The framework consists of three components and each has three pragmatic actions.These pragmatic actions can greatly improve internal strategic alliances between the finance function and the sustainable business function.

Create The Mandate

Action 1– Drive The Right Culture

The companies that have recorded successful integration of business sustainability reveal that senior leadership, through words and actions were major catalysts. The CFO is a member of the senior leadership and is in a position to drive the culture toward business sustainability by articulating and embodying the organization’s purpose and values. 

Action 2 – Secure Buy-in

In several companies, the CFO has facilitated the sustainability partnering process through vibrant collaboration. They do this via introductory meetings, knowledge-sharing sessions and setting up a cross-departmental task force to promote accountability and measure progress toward shared goals.

Action 3 – Highlight Your Proof Points

The finance team led by the CFO can help the sustainability team link project goals to financial performance. For example, when the CFO is able to connect higher customer retention with a proposal to buy carbon offsets. They establish the validity of the project and demonstrate how their insights on sustainable business creates value.

Deploy The Talent

Action 4 – Measure What Matters

When it comes to the value of sustainability, determining what to measure is not the easiest thing. The finance team, however, can help the sustainable business team make the process of identifying the right metrics highly effective. For example, companies are converting their carbon emissions, which is a non-financial value to a monetary cost and that data has resulted in millions of dollars saved through clean energy initiatives. 
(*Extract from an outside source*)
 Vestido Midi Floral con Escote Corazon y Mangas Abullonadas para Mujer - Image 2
Action 5 – Simplify The Technology

Sustainable business teams still lack the sophisticated technologies that finance teams use. The CFO can work with necessary teams to help integrate sustainable business data into the company’s enterprise resource planning (ERP) system.

Action 6 – Sort The Data

With their accounting competencies, the finance team can improve the value of sustainable business data. They can set up policies, coding practices, taxonomies, and systems that allow both the finance and sustainable business team to identify and gather data that is useful for enterprise decision-making.

Fix The Information

Action 7 – Create Effective Structures

Due to the workload on the accounting team, they may be reluctant to actively collaborate with the sustainable 

business team. The CFO can create structures that bring the finance and sustainable business teams closer. These structures include regular meetings by the established cross-functional teams.
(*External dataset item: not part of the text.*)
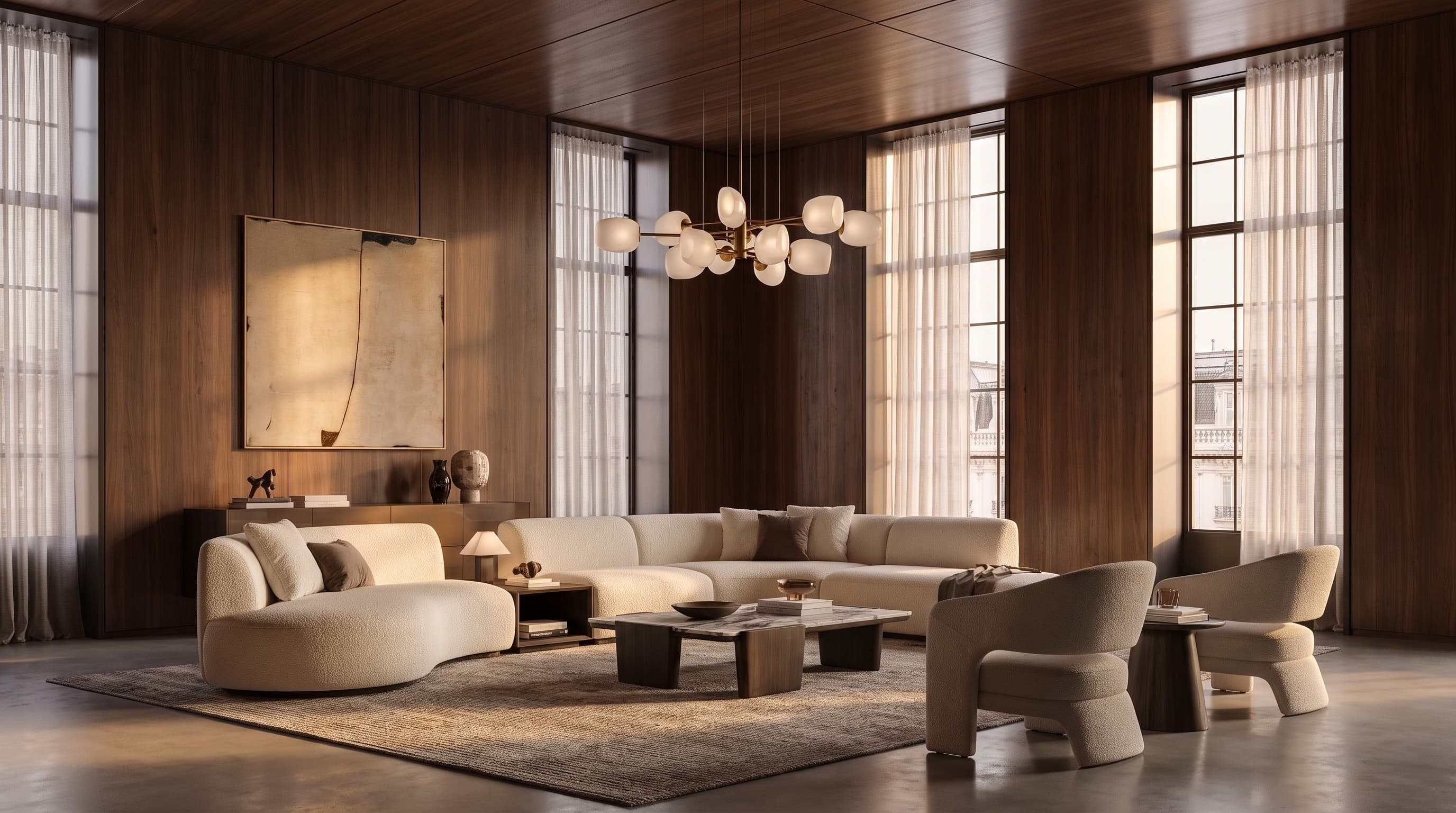 Photoreal render of the same living room with warm timber panelling and a curved sofa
Action 8 – Plan for Capabilities That Matter

CFOs must build capacity in themselves and their teams to be able to handle the evolving demands of business sustainability. As a committed partner in business innovation, long-term planning and strategy, the CFO must be capable of balancing the responsibilities of reporting, controllership and compliance.

Action 9 – Change The Finance Mind-set

The CFO should understand that unless his team members can see the importance of sustainability and understand the tasks set before the sustainable business team, a partnership may not produce the best results. There is a need to educate the finance team on sustainable business issues.